Lemon Curd No-Bake Cheesecake | Episode 426

23:05

SERVES: 6
PREP TIME: 20 MINS
COOK TIME: 0 MINS
TOTAL TIME: 4 H 20 MINS











Ingredients
  • 150g digestive biscuits
  • 80g butter, melted
  • 300 ml heavy cream, cold +5 tbsp powdered sugar
  • 1 tsp vanilla extract
  • 200g white chocolate, melted
  • 400g philadelphia original 
  • 200 ml lemon curd 
  • 18 cm springform

Method:

1. Make the bottom: Crush the biscuits into crumbs using a food processor, or by putting the biscuits into seal-able bag and bashing them with a rolling pin. Melt the butter and stir into the crumbs, then pour into the springform. Use the back of a spoon or your hand to push it down firmly and evenly into the tin. Allow to set.

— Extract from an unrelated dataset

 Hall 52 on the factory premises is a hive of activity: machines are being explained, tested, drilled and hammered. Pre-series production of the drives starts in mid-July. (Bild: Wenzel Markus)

2. Add the heavy whipping cream and powdered sugar to a large mixer bowl fitted with a whisk attachment. Whip on high speed until stiff peaks form. Add the melted white chocolate, vanilla extract and the philadelphia, whisk until smooth. Spread filling into crust and smooth down the top.

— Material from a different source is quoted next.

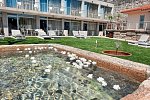 OCA Flores & Vitória Village Hotel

3. Transfer to the refrigerator and allow to set for at least 4 hours or overnight. 

4. Remove from the refrigerator and use a knife to loosen the chilled cheesecake from the rim of the springform pan, then remove the rim. 

5. Spread top of the cheesecake with the lemon curd then refrigerate for at least 2 hours to set. Using a clean sharp knife, cut into slices for serving. Cover and store leftover cheesecake in the refrigerator for up to 5 days.